Chishti declined this week to address the report. “Unlike my accuser and her attorneys, I will respect my legal obligations around confidentiality and will not comment on the arbitration,” he said by email. (Spottiswoode has not commented on the release.)
Nancy Erika Smith, the attorney who represented Spottiswoode when she testified — and is also a defendant in Chishti’s lawsuit — hailed the release. “The audacity of filing a defamation case knowing that his chosen judge and jury has ruled against him on every single point that he thinks he’s making,” she said this week. “It’s ludicrous.”
Smith, whose previous clients have included Gretchen Carlson in her action against Fox News and Roger Ailes, said the release shows how powerful a tool NDAs and mandatory arbitration are when it comes to insulating corner-office abusers: “This case is an incredible example of how secrecy protects the Weinsteins, the Aileses, the Cosbys.”
Back in Washington, the release of the report is interesting for reasons that go beyond Chishti or even the legal strategies of #MeToo litigation.
During his time atop Afiniti, which uses artificial intelligence technology to power call centers around the world, Chishti cut an interesting figure in the capital, in part because he was an exotic rarity: the Beltway business bigwig who had made his money in the actual private sector, not in some familiar government-adjacent sector like federal contracting. He flew by corporate jet, was introduced around Davos by Britain’s Princess Beatrice, and counted former New Hampshire Senator John Sununu, former U.S. Treasury Secretary John Snow, and former Spanish Prime Minister Jose Maria Aznar as members of Afiniti’s board of directors. Washington Post publisher and CEO Fred Ryan was an early investor.
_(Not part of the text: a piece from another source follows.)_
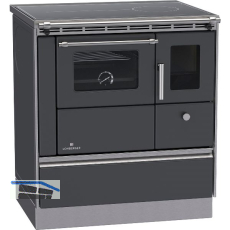 LOHBERGER Festbrennstoffherd Rega 75 Schwarzgrau matt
Then there was the advisory board, run by Cameron and filled with global muckety-mucks able to make introductions and otherwise fly the corporate flag.
It was a neat trade-off, and a familiar one in the capital: The political bigwigs got to be part of something exciting and entrepreneurial; the company got to show off its global reach and connections. But the arbitrator’s report has the potential to be a significant embarrassment — a reminder that retired political types who lend their reputation to a business can take a hit if things go wrong.
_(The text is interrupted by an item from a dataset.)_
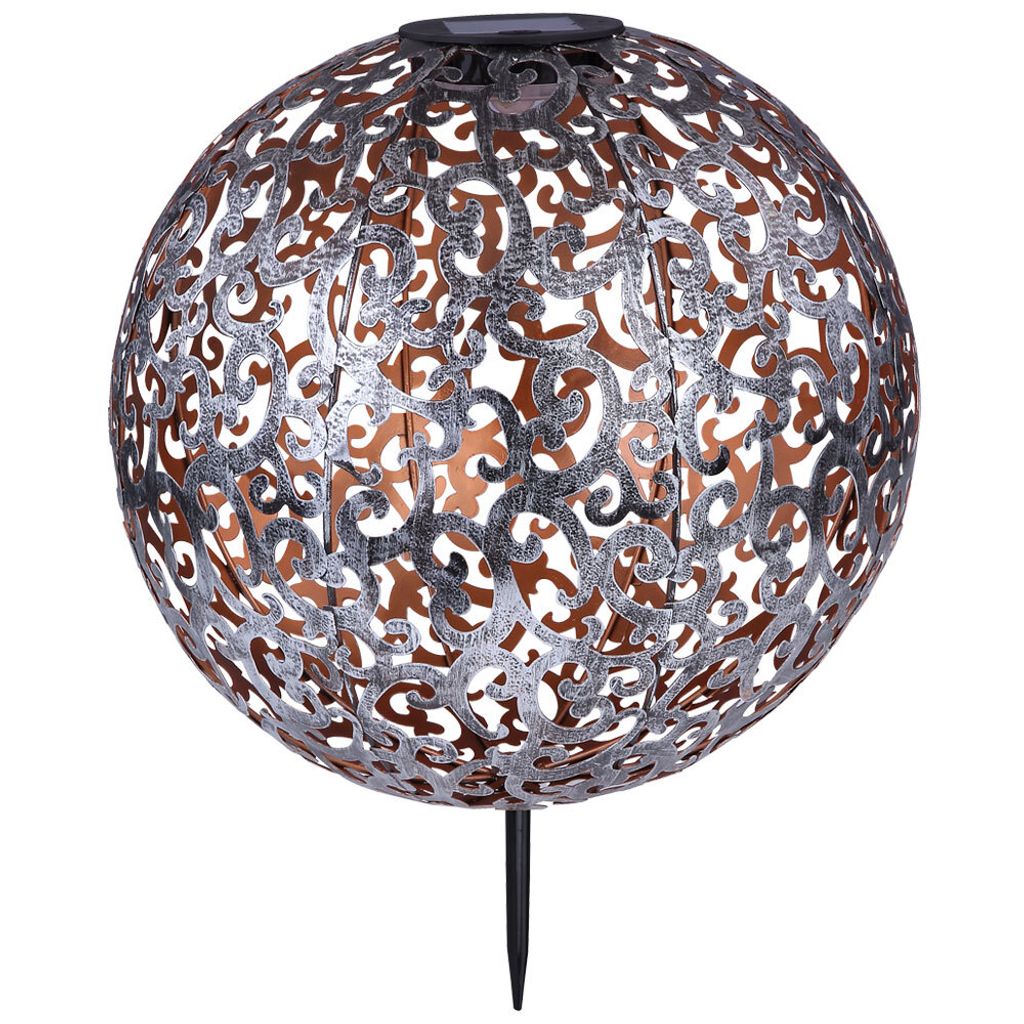 LED Solar Steckleuchte, Dekor Stanzungen Kugel, 28,5 cm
“Afiniti did not adequately monitor sexual harassment within the company generally and did not monitor Mr. Chishti’s conduct after Ms. Spottiswoode reported … or even after Mr. Chishti was charged with and settled a sexual harassment claim from another young female Afiniti employee,” the report concludes. “In short, Afiniti negligently abdicated its duty to adequately supervise Mr. Chishti, allowing him unimpeded to place Ms. Spottiswoode in the precarious position she found herself in.” The firm was assessed its own fine of $1 million.
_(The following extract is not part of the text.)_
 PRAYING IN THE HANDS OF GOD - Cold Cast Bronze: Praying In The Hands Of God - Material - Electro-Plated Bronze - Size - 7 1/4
A spokeswoman for Afiniti said this week that the firm, now led by former Verizon President Lawrence Babbio, has undergone major changes since Chishti’s ouster. A former top Justice Department prosecutor was brought in to recommend management changes and examine what had happened. There’s been a lot of turnover.
“The behavior described in the arbitration is intolerable and does not reflect the values of Afiniti today,” the spokesperson said. “In November 2021, we severed all ties with our former CEO. He has had no role at the company since. This is a different company under new leadership. To ensure the safety and welfare of all our employees, we immediately made significant changes, including ending mandatory arbitration for sexual misconduct, strengthening our HR and compliance functions, and improving our reporting mechanisms.”
Another change happened more quietly: After Chishti’s departure, the advisory board was shut down.